==== Excerpted data ====
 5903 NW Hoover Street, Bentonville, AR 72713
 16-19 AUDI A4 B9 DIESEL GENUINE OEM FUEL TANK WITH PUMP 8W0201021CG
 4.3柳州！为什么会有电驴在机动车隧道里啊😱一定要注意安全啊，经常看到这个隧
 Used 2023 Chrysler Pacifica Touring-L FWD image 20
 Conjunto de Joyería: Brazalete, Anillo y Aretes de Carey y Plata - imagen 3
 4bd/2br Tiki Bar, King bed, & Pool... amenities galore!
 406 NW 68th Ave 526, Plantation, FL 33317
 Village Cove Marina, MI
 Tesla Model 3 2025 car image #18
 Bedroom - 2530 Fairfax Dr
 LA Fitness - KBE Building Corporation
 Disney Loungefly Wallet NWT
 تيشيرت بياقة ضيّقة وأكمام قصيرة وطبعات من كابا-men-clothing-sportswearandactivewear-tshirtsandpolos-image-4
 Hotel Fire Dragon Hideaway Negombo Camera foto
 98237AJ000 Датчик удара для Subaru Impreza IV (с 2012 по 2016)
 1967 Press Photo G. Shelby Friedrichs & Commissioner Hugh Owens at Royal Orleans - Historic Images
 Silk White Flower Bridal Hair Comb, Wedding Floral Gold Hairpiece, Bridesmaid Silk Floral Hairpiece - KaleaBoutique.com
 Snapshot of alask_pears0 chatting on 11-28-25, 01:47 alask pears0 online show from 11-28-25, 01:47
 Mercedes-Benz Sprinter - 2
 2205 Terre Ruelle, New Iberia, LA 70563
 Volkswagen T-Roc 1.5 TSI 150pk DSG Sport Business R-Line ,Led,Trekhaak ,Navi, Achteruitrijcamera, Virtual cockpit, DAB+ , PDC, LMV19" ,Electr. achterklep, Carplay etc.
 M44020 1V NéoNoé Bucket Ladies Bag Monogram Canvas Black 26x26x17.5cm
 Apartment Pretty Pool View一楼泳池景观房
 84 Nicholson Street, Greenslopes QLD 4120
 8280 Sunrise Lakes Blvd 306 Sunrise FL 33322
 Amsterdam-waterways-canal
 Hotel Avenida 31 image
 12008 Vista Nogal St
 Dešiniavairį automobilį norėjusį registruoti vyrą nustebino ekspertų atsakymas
====
Print, without any change, the line containing "8280 Sunrise Lakes Blvd 306 Sunrise FL 33322" and each line after it to the end of the material.

 8280 Sunrise Lakes Blvd 306 Sunrise FL 33322
 Amsterdam-waterways-canal
 Hotel Avenida 31 image
 12008 Vista Nogal St
 Dešiniavairį automobilį norėjusį registruoti vyrą nustebino ekspertų atsakymas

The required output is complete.